During the past three decades, the incidence of childhood and adolescent obesity has more than doubled in the United States, coupled with increases in the severity of pediatric obesity and the prevalence of illnesses associated with obesity among the pediatric population. As a result, courts and legislatures have been increasingly faced with the question of whether and when state intervention in the case of pediatric obesity is appropriate under medical neglect statutes. After examining relevant judicial opinions and commentary from the legal and medical communities, this Note takes the position that intervention is only warranted when it is necessary to prevent short-term loss of life or to address a current risk of serious harm. In order to determine whether this standard is met, a case-by-case method is proposed, focusing on four factors: the severity of the child's illnesses associated with obesity; the degree to which medical treatment can mitigate the resulting adverse health effects; an assessment of the child's complete physical and mental health picture; and when the just answer remains unclear, the child's risk of remaining obese as an adult.
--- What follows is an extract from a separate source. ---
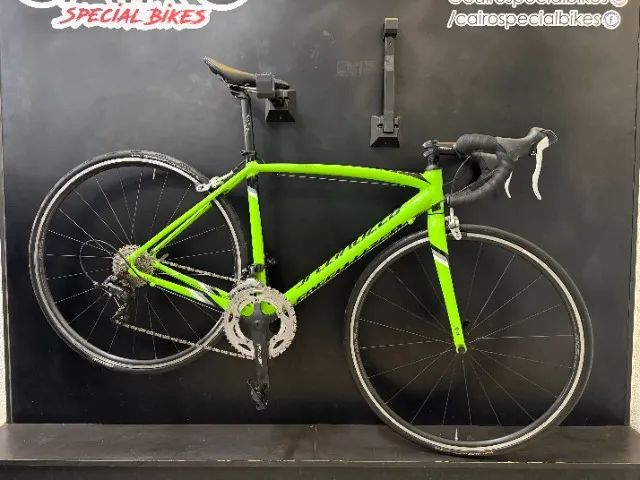 Bicicleta road Specialized Allez E5 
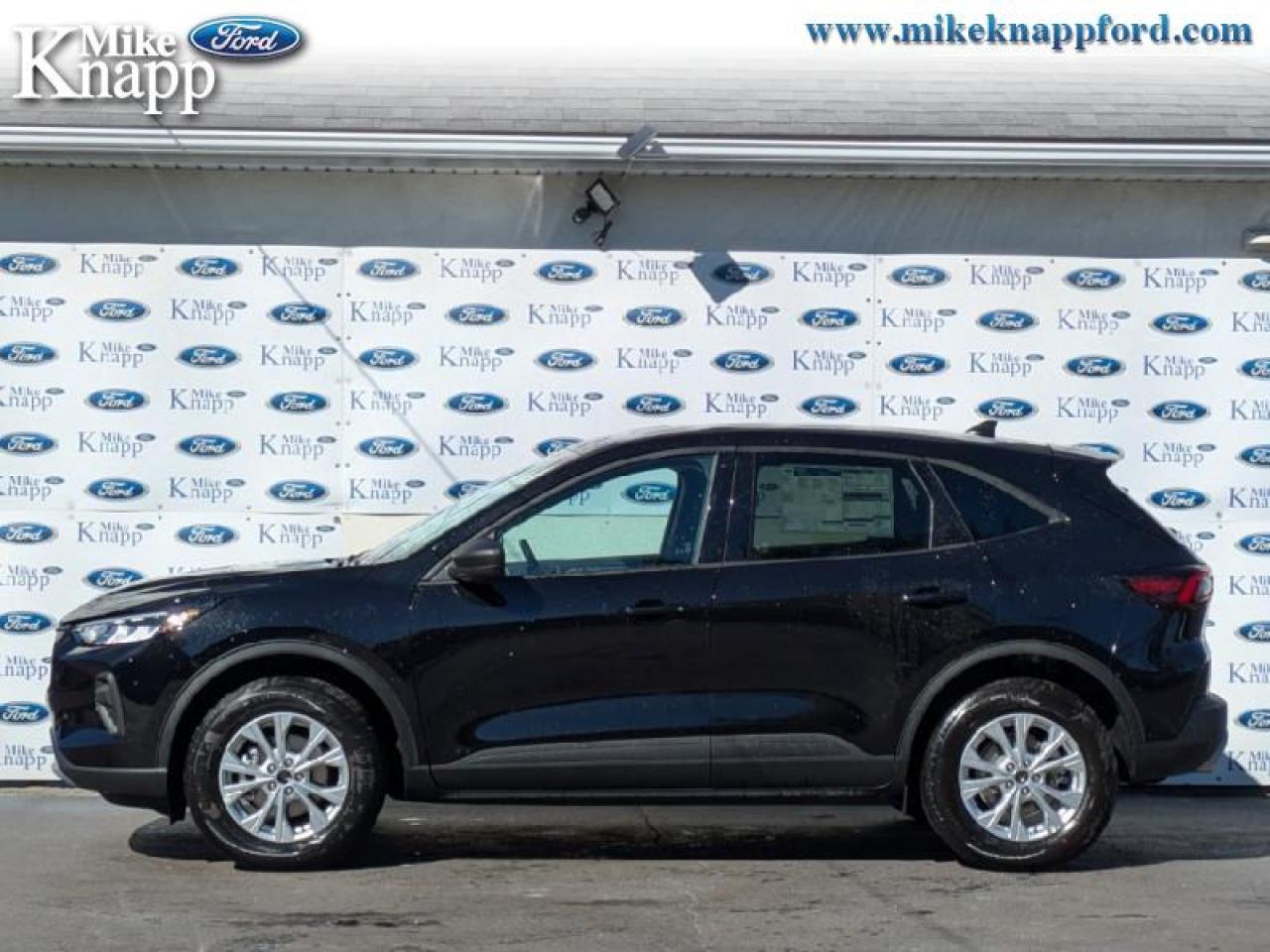 2025 Ford Escape Active Photo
During the past three decades, the incidence of childhood and adolescent obesity has more than doubled in the United States.1 As of 2004, in the United States, 13.9% of children ages two to five were obese, 18.8% of children ages six to eleven were obese, and 17.4% of teenagers ages twelve to nineteen were obese; in all, 17.1% of children and adolescents ages two to nineteen were obese.2 Childhood and adolescent obesity "currently affects at least 10-25% of the [pediatric] population in most developed countries."3 The prevalence of childhood obesity has been described as an "explosion,"4 a "worldwide epidemic,"5 and "the most common disorder of childhood in the developed world."6
This increase in the prevalence of obesity has been accompanied by an increase in the severity of obesity. Medical literature defines overweight children as those with a Body Mass Index ("BMI") above the eighty-fifth percentile; obese children as those with BMI above the ninety-fifth percentile; and morbidly obese children as those with BMI above the ninety-ninth percentile.7 "The distribution of body-mass index . . . has shifted in a skewed fashion, such that the heaviest children, at greatest risk of complications, have become even heavier."8 In a study comparing students from 1973-1975 to students from 1989-1990, researchers found that "differences in BMI between the cohorts were minimal at the lower end of the BMI distributions, began at approximately the 40th percentile, and increased with increasing BMI, demonstrating that equivalent percentiles were indicative of a higher BMI in the 1989-1990 cohort than in the 1973-1975 cohort."9 This increase in childhood and adolescent obesity and its severity has been accompanied by an increase in the prevalence of comorbidities10 of obesity - some of which were seen previously only in adulthood11 - including type two diabetes, obstructive sleep apnea, asthma, nonalcoholic fatty liver disease, cardiovascular conditions such as hypertension and atherosclerosis, and psychological problems such as depression.12
Because of the increased prevalence and severity of pediatric obesity throughout the country, courts and legislatures have been increasingly faced with the question of whether and when state intervention is appropriate.13 As a small but growing number of courts answer that certain situations warrant state involvement,14 defining the limits of appropriate involvement has become a more pressing inquiry. When is the state justified in ordering treatment, which can require temporary removal from the family home, for a child's obesity over the wishes of his or her parents?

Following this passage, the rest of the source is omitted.